Hi all,

I can commit any/all of the following changes as long as they are
agreeable to everybody:

1. All doctests in NumPy will have the numpy module available in their
execution context as "np".

2. Turn on the normalized whitespace option for all doctests.  Having
a doctest fail just because there's a space after your result seems
like an unnecessary hassle for documenters.

3. Output will be ignored for each doctest expected output line that
contains "#random". I figured this can serve both as an ignore flag
and indication to the reader that the listed output may differ from
what they see if they execute the associated command. So you would be
able to do:
>>> random.random()
0.1234567890                           #random: output may differ on your system

And have the example executed but not cause a failure.  You could also
use this to ignore the <SomeObject at 0x1234ABCD> output from plot
methods as well.

If these get committed, I'll also revert doctests I changed earlier so
that they use the provided "np" instead of importing it, and fix any
currently failing doctests that can be addressed with the new
behavior.  I've already got a batch of these changes made locally just
to try out the new features, but I'll wait to see if adding the
features causes any troubles on the buildbots first.

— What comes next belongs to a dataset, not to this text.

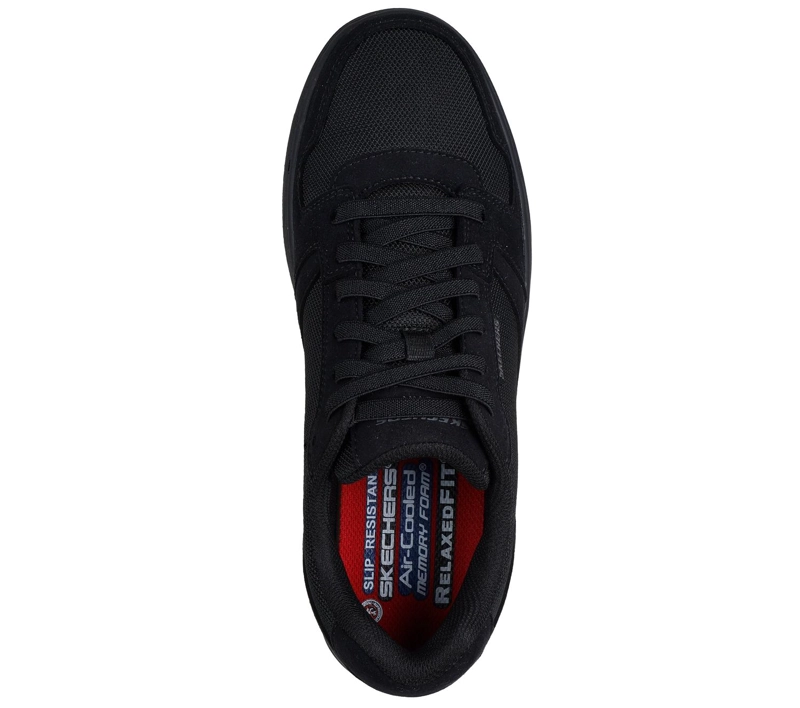 SKECHERS ZAPATILLA HOMBRE OCUPACIONAL TREADS NEGRO - 4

There are a couple of options that I haven't got patches for yet:
4. Doctest commands starting with "plt." or "plot." will automatically
have their output ignored.
5. Add a decorator that causes all doctest output for that
function/method's docstring to be ignored. (This is for cases with
many examples, all of which should be executed but not compared, so
you don't have to clutter up each output line with #random or
ellipsis)

If there is still a big need for these, I'll work on them.  As an
alternative to 3,4 and 5, you could use the ELLIPSIS directive to
ignore the varying bits of the output, but you'd still have to put the
directive on each command line where you needed it.  Unless I turn on
the ellipsis feature for all doctests, that is; it's easy to do, and
it doesn't cause me any obvious problems locally.  I don't know
whether that's something that's generally a good idea, though.